Cabbage Salad with Cream (‘Krautsalat mit Sahne’)
- 1 head pointed cabbage, shredded or finely chopped
- 2 teaspoons salt
For the marinade:
- 3/4 cup heavy cream
- 3 tablespoons white wine or herbal vinegar
- 4 tablespoons canola oil
- 1 tablespoon sugar
- lightly crushed or ground caraway seeds, to taste
- Salt the shredded cabbage and mix everything well. Place a plate on top of the cabbage and put some weight on top to compress the cabbage. Let it sit for at least 10 minutes.
- With your hands, massage the cabbage and squeeze out as much water as possible. Then add the heavy cream, vinegar, oil, sugar, and caraway seeds. Massage the marinade into the cabbage. Let the cabbage salad sit in the refrigerator for at least 20 minutes to let the flavors mingle. Shortly before serving, take it out of the fridge and adjust the seasoning if necessary.
Thank you so much. I love the content on your site too, June!
This sounds really good! I am going to try it! 🙂
Morgaine, I’m glad you like it. Stay tuned, I got another coleslaw recipe scheduled to publish in a few weeks.

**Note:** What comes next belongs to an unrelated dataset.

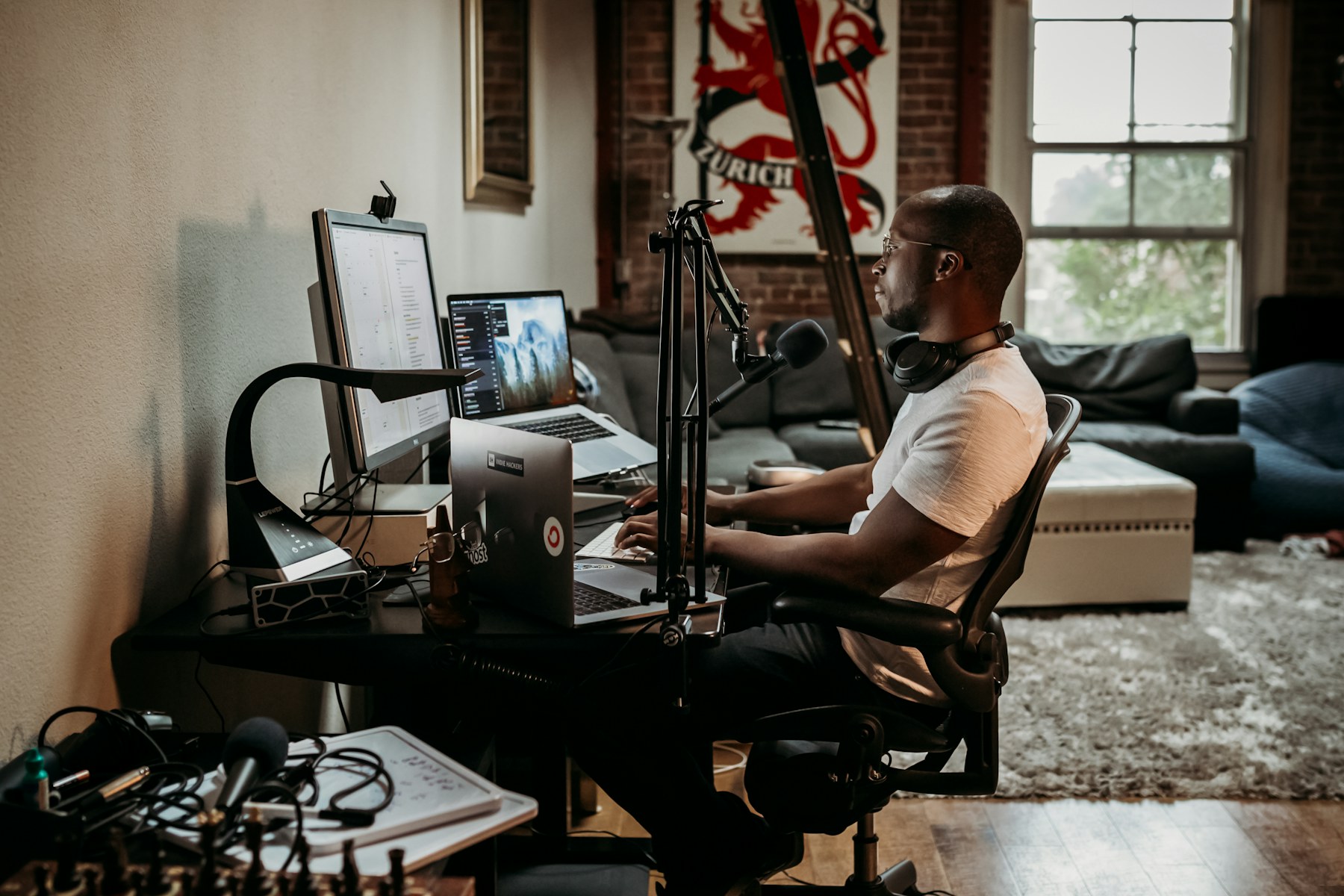 A subscription creator managing content from a home workspace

Lovely recipe, Tim! My favourite cake is Black Forest; one I tried the real deal made by a German lady, with sour cherries and Kirsch, I hope you share your recipe sometime!

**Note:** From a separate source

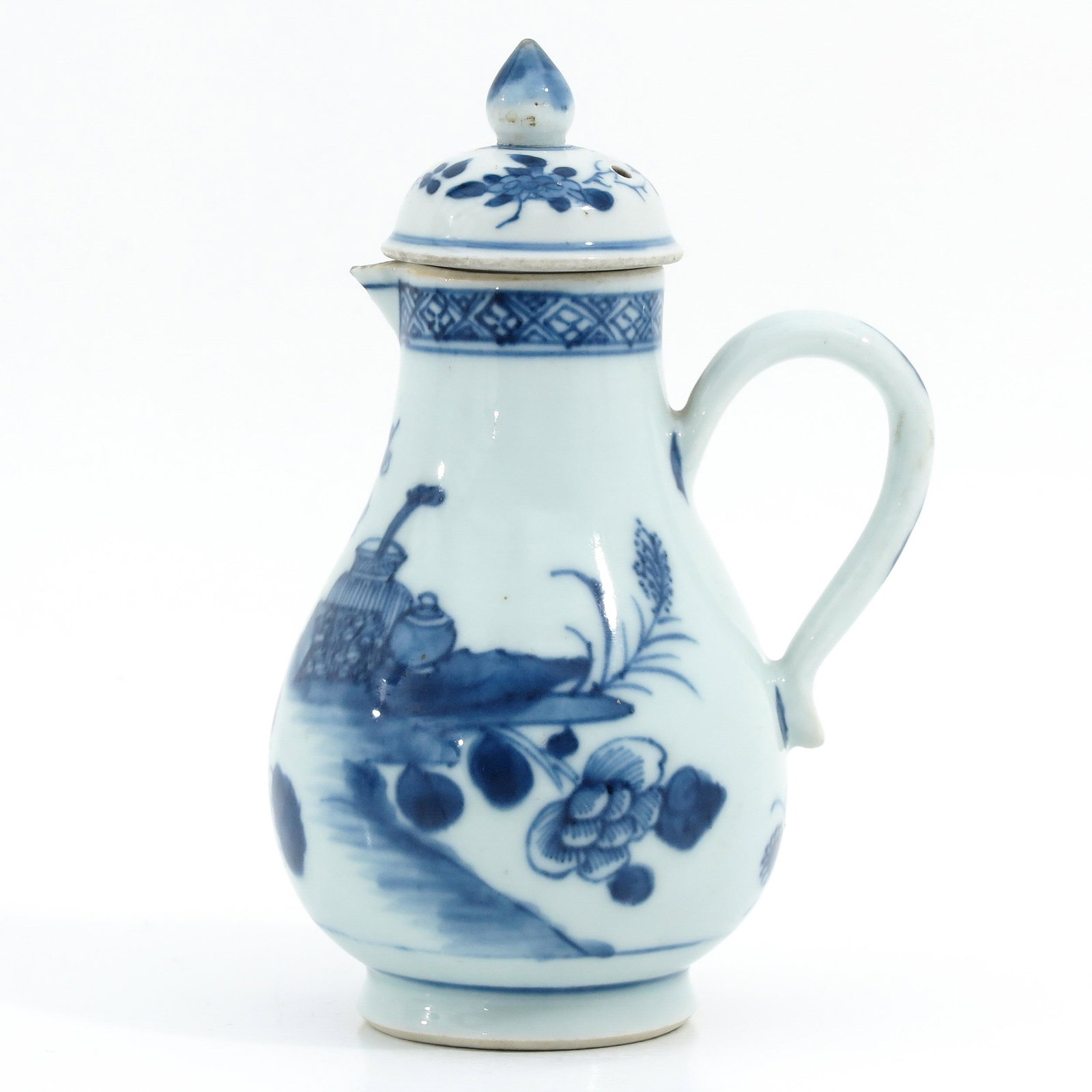 A Blue and White Creamer with Cover: Decorated with flowers and Chinese antiquities, 16 cm. tall.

Thank’s a lot, Irene! I will definitely share my Black Forest cake recipe in the future. I just have to wait until summer comes around again. We grow the most gorgeous cherries in our garden so it will be a real treat once they are in season.
Thank you for following my blog. I look forward to reading yours.
Thank’s, Jovina. Love your content. Keep up the great work! You’re a big inspiration?
your site is very tastefully designed and therefore very inviting, no pun intended. The recipes look delicious and I can’t wait to try them. I’m studying integrated medicine and currently covering nutrition. I appreciate your coverage of spices and compatibility with foods. & thanks for the follow!
Hannah, thank’s a million for your comment! This is what encourages me and keeps me going. I have another article coming up about braised beans paired with savory. Savory along with anise is another one of these spices that are used to improve the digestibility in German cuisine. So come back soon for more content (I publish every wednesday) and keep up the good work on your site. Always worth a read!
I never thought of putting cream in it, but I can see that it would be delicious! I love cabbage and caraway seeds. Will have to make this. Thanks for sharing!
I’m glad you’d like to try the recipe, Meryl. Have fun cooking!